- Intel -staff register through login errors and postpone sensitive business information
- A single manipulated portal exposed over 270,000 Intel -Employee Information
- Hardcoded credentials of internal portals raised serious security concerns
Sensitive information about any Intel employee was reportedly available to anyone who was able to exploit weaknesses in the company’s internal places, an expert has claimed.
Security researcher Eaton Z, who described the deficiencies in a long -term blog post, found a business card portal used by Intel staff, contained a login system that could be easily manipulated.
By changing how the application confirmed users, Eaton managed to access data without needing valid credentials.
A data file on a huge scale
What began as a little discovery expanded rapidly as the system exposed far more information than its function required. Once deeper access was obtained, the results became difficult to reject.
Eaton described downloading a file approaching a gigabyte in size containing the personal details of Intel’s 270,000 employees.
These items included names, roles, managers, addresses and phone numbers. The extent of the leak suggests risks beyond simple embarrassment.
The release of such data in the wrong hands could feed identity theft, phishing schemes or social technical attacks.
The situation was not limited to a single vulnerable system when Eaton reported that two other Intel sites could be obtained with similar techniques.

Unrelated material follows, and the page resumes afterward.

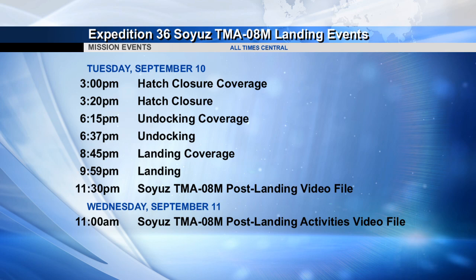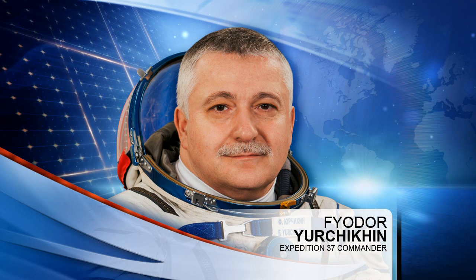They're due to depart the station on September the 10th at 6:37 p.m. Houston time and land in Kazakhstan just before 10 o'clock Houston time that same night. Their undocking from the station next week will mark the start of Expedition 37 and Fyodor Yurchikin's second tour of duty as the International Space Station Commander.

Internal places like “Product Hierarchy” and “Product Onboarding” portals contained hard -coded credentials that were easily decrypted.
Another company’s login page for Intel’s supplier website could also be bypassed.

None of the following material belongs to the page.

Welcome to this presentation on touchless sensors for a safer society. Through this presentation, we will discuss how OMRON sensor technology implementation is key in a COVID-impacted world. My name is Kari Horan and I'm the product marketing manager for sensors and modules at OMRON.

Together, these weaknesses formed several overlapping doors to the company’s internal environment, a troubled image for a company that often emphasizes the importance of digital trust.

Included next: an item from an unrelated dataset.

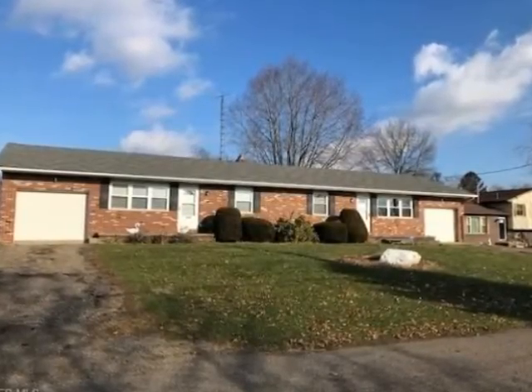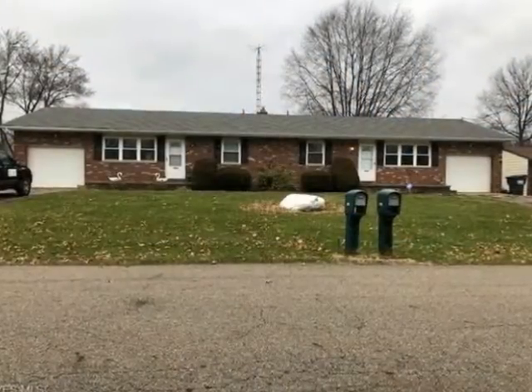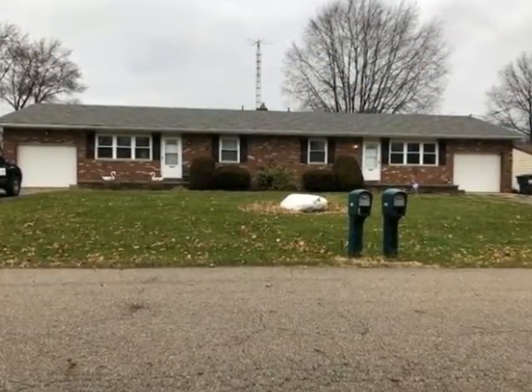Let Eric Waldrop of DeHoff Realtors show you this multifamily property in Louisville, Ohio. Take a look at this nice duplex on a dead-end street.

Intel was contacted about the questions that started in October 2024, and the company eventually got the shortcomings at the end of February 2025.
However, Eaton did not receive Bug -Bounty Compensation as Intel’s program excluded these cases through specific matters.
The only communication from the company was described as an automated answer and raised questions about how serious the disclosures were handled.
Modern cyber security is complex; Organizations can implement firewall protection and security suites, yet simple overviews in application design can still postpone critical systems.
Even after patches have been used, the incident shows that vulnerabilities are not always exotic deficiencies buried in hardware.